Horse: There are no known contraindications to this drug when used as directed. Intra-arterial injection should be avoided. Horses inadvertently injected intra-arterially can show adverse reactions. Signs can be ataxia, incoordination, hyperventilation, hysteria, and muscle weakness. Signs are transient and disappear without antidotal medication within a few minutes. Do not use in horses showing hypersensitivity to flunixin meglumine. Buy premium Banamine Injection veterinary use from us.
Cattle: NSAIDs inhibit production of prostaglandins which are important in signaling the initiation of parturition. The use of flunixin can delay parturition and prolong labor which may increase the risk of stillbirth. Do not use BANAMINE (flunixin meglumine injection) within 48 hours of expected parturition. Do not use in animals showing hypersensitivity to flunixin meglumine. Use judiciously when renal impairment or gastric ulceration are suspected.
|RESIDUE WARNINGS: Cattle must not be slaughtered for human consumption within 4 days of the last treatment. Milk that has been taken during treatment and for 36 hours after the last treatment must not be used for food. Not for use in dry dairy cows. A withdrawal period has not been established for this product in preruminating calves. Do not use in calves to be processed for veal. Not for use in horses intended for food. Approved only for intravenous administration in cattle. Intramuscular administration has resulted in violative residues in the edible tissues of cattle sent to slaughter.|
PRECAUTIONS As a class, cyclo-oxygenase inhibitory NSAIDs may be associated with gastrointestinal and renal toxicity. Sensitivity to drug-associated adverse effects varies with the individual patient. Patients at greatest risk for renal toxicity are those that are dehydrated, on concomitant diuretic therapy, or those with renal, cardiovascular, and/or hepatic dysfunction.
Since many NSAIDs possess the potential to induce gastrointestinal ulceration, concomitant use of BANAMINE (flunixin meglumine injection) with other anti-inflammatory drugs, such as other NSAIDs and corticosteroids, should be avoided or closely monitored.
Horse: The effect of BANAMINE (flunixin meglumine injection) on pregnancy has not been determined. Studies to determine activity of BANAMINE when administered concomitantly with other drugs have not been conducted.
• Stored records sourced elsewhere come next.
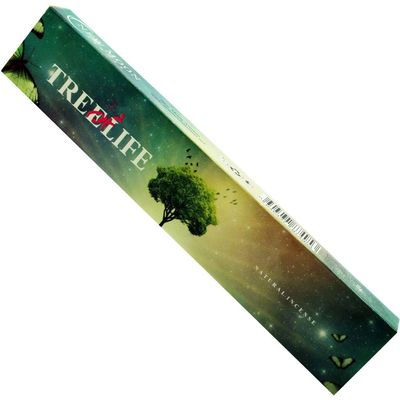 Tree of Life Incense 15gms single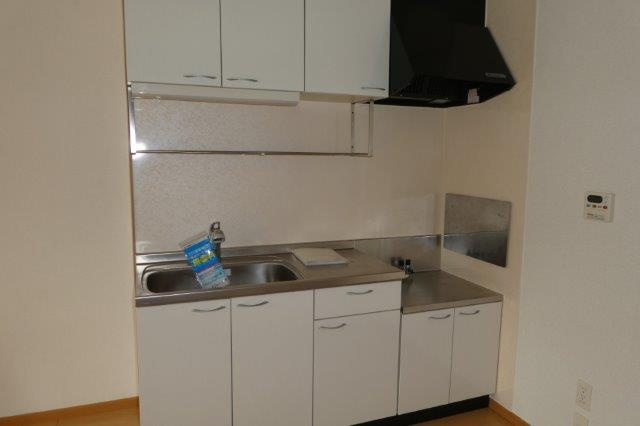 フェリシダ矢蔵Ⅲのキッチン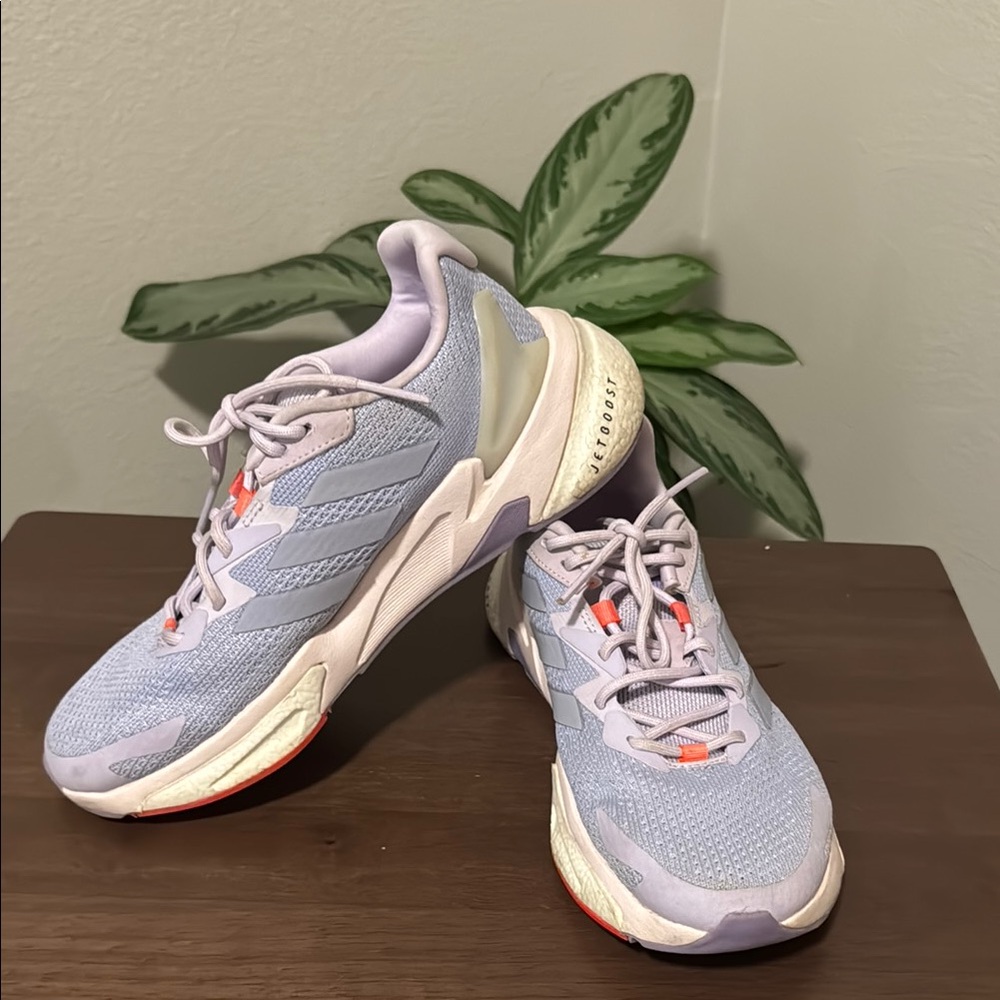 Adidas Purple Sneakers for Comfort and Style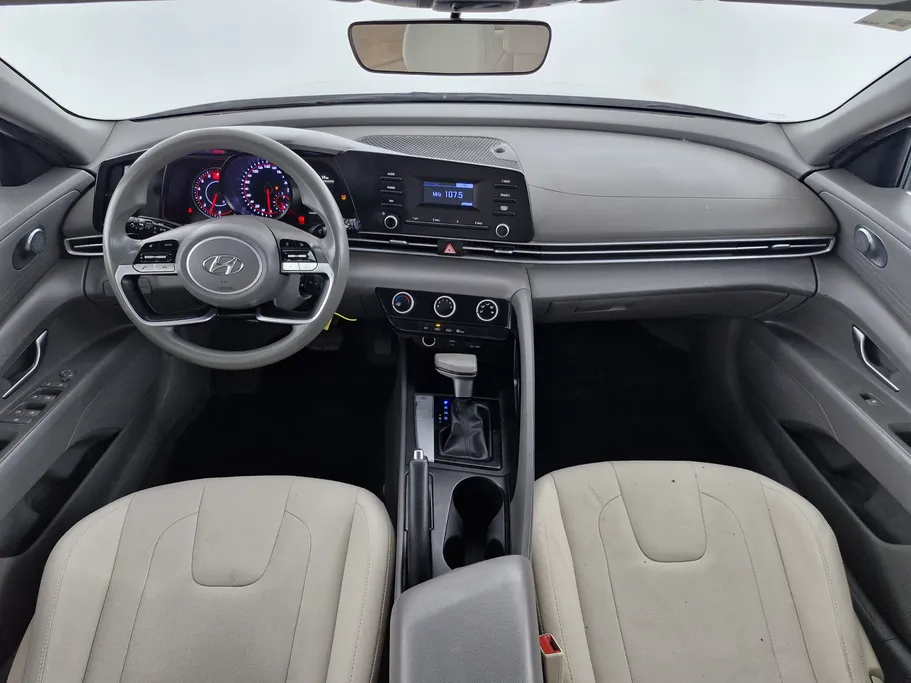 2022 Hyundai Elantra Fleet 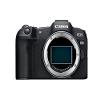 Canon EOS R8 Content Creator Kit, Full-Frame Hybrid Mirrorless Camera with Tripod & Stereo Microphone, 24.2 Megapixel CMOS Image Sensor, 4K Video, RF Mount, Vlogging Camera, Black view 2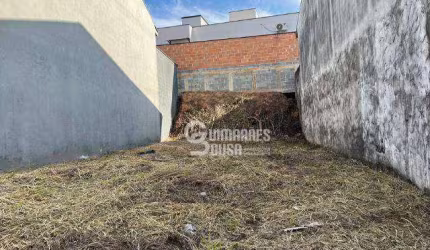 Terreno à venda, 150 m² por R$ 250.000,00 - Jardim Marambaia II - Jundiaí/SP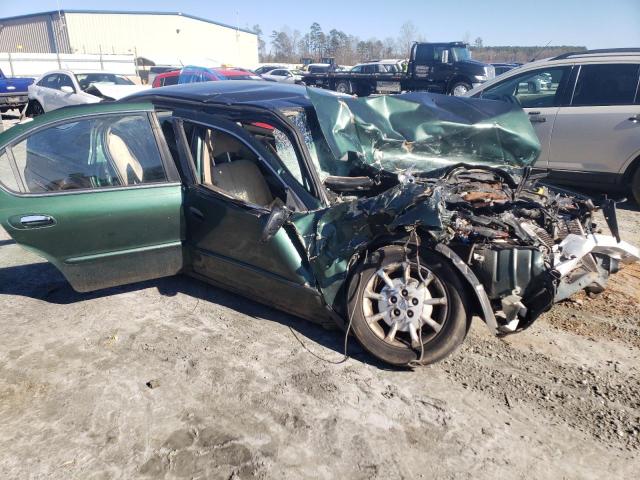 Photo 4 from auction – 2001 NISSAN MAXIMA GXE with VIN JN1CA31D71T616763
Drug compatibility should be monitored closely in patients requiring adjunctive therapy.
Cattle: Do not use in bulls intended for breeding, as reproductive effects of BANAMINE (flunixin meglumine injection) in these classes of cattle have not been investigated. NSAIDs are known to have potential effects on both parturition (See Contraindications) and the estrous cycle. There may be a delay in the onset of estrus if flunixin is administered during the prostaglandin phase of the estrous cycle. NSAIDs are known to have the potential to delay parturition through a tocolytic effect. The use of NSAIDs in the immediate post-partum period may interfere with uterine involution and expulsion of fetal membranes. Cows should be monitored carefully for placental retention and metritis if BANAMINE is used within 24 hours after parturition.